#### Instructions for the task
Restate the full set of records exactly, word for word.

#### Records shown
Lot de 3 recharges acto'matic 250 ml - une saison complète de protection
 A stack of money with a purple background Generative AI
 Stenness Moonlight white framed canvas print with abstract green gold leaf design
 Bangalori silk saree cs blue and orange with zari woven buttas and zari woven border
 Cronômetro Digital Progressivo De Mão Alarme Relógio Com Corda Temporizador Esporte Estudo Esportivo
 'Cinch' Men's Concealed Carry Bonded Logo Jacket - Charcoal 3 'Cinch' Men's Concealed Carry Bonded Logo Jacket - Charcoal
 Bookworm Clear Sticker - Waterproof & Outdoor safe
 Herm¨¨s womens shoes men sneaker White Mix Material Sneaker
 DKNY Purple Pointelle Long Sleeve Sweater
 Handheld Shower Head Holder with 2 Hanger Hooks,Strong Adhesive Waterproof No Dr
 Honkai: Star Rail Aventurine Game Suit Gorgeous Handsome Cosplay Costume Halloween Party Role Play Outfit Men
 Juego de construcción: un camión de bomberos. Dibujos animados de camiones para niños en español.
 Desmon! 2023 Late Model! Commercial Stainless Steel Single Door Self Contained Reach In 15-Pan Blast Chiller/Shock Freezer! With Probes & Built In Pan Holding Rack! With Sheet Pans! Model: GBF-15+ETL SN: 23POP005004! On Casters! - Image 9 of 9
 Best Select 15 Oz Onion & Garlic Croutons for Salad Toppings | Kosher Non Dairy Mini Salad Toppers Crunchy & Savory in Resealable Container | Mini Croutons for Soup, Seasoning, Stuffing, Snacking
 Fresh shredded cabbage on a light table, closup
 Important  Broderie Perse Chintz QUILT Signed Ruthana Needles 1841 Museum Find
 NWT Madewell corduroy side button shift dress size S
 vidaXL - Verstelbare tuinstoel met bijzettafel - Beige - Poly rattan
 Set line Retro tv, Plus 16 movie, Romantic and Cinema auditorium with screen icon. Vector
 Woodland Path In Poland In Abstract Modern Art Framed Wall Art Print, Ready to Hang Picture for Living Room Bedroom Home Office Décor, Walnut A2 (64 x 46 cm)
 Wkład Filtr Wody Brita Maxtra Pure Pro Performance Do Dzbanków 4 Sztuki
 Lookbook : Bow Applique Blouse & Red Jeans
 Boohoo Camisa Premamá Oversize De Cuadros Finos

#### Exercise answer
Lot de 3 recharges acto'matic 250 ml - une saison complète de protection
 A stack of money with a purple background Generative AI
 Stenness Moonlight white framed canvas print with abstract green gold leaf design
 Bangalori silk saree cs blue and orange with zari woven buttas and zari woven border
 Cronômetro Digital Progressivo De Mão Alarme Relógio Com Corda Temporizador Esporte Estudo Esportivo
 'Cinch' Men's Concealed Carry Bonded Logo Jacket - Charcoal 3 'Cinch' Men's Concealed Carry Bonded Logo Jacket - Charcoal
 Bookworm Clear Sticker - Waterproof & Outdoor safe
 Herm¨¨s womens shoes men sneaker White Mix Material Sneaker
 DKNY Purple Pointelle Long Sleeve Sweater
 Handheld Shower Head Holder with 2 Hanger Hooks,Strong Adhesive Waterproof No Dr
 Honkai: Star Rail Aventurine Game Suit Gorgeous Handsome Cosplay Costume Halloween Party Role Play Outfit Men
 Juego de construcción: un camión de bomberos. Dibujos animados de camiones para niños en español.
 Desmon! 2023 Late Model! Commercial Stainless Steel Single Door Self Contained Reach In 15-Pan Blast Chiller/Shock Freezer! With Probes & Built In Pan Holding Rack! With Sheet Pans! Model: GBF-15+ETL SN: 23POP005004! On Casters! - Image 9 of 9
 Best Select 15 Oz Onion & Garlic Croutons for Salad Toppings | Kosher Non Dairy Mini Salad Toppers Crunchy & Savory in Resealable Container | Mini Croutons for Soup, Seasoning, Stuffing, Snacking
 Fresh shredded cabbage on a light table, closup
 Important  Broderie Perse Chintz QUILT Signed Ruthana Needles 1841 Museum Find
 NWT Madewell corduroy side button shift dress size S
 vidaXL - Verstelbare tuinstoel met bijzettafel - Beige - Poly rattan
 Set line Retro tv, Plus 16 movie, Romantic and Cinema auditorium with screen icon. Vector
 Woodland Path In Poland In Abstract Modern Art Framed Wall Art Print, Ready to Hang Picture for Living Room Bedroom Home Office Décor, Walnut A2 (64 x 46 cm)
 Wkład Filtr Wody Brita Maxtra Pure Pro Performance Do Dzbanków 4 Sztuki
 Lookbook : Bow Applique Blouse & Red Jeans
 Boohoo Camisa Premamá Oversize De Cuadros Finos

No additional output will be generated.